Finally, Furniture Bargains argues that if this Court does find that Plaintiffs have satisfied their burden of showing they are"similarly situated" to the putative class members and allows issuance of notice of the right to opt in, the collective class should be limited to the salespersons at the Calumet City and Homewood Furniture Bargains stores. Furniture Bargains contends that Plaintiffs cannot show that the same policies and procedures were followed at Defendant's other eight stores. However, as Plaintiffs point out, in answering Plaintiffs' interrogatory no. 13 which asked if "Defendant's policies regarding furniture salesperson's duties or pay vary from locale to locale," Defendant answered "no." In addition, Defendant's argument about dissimilarities in the class is more appropriately decided at step two, after it is known who the possible class may consist of, and after future factual issues are resolved during discovery. See Jirak, 566 F.Supp.2d at 850.

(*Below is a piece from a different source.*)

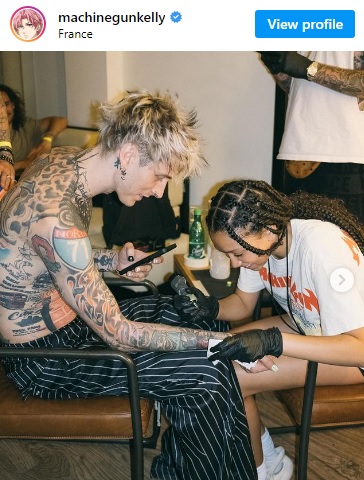 Z903's tweet image. Machine Gun Kelly let his 13-year-old daughter give him a tattoo.

#dailydirt #heymorton #hollywoodkids #tattoos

At this stage, Plaintiffs have made the minimal showing that others in the potential class are similarly situated in order to send notice under Section 216(b). We find that the allegations in the Complaint, together with Plaintiffs' affidavits, the Defendant's payroll records showing that twelve furniture salespersons may have been paid at a rate which is less then federal minimum wage, and Defendant's answers to interrogatories establish a sufficient factual nexus between Plaintiffs' and the employees at the ten Furniture Bargains locations. Therefore, Plaintiffs have met their burden to make a minimal showing that the employees are "similarly situated." For these reasons, conditional certification is granted.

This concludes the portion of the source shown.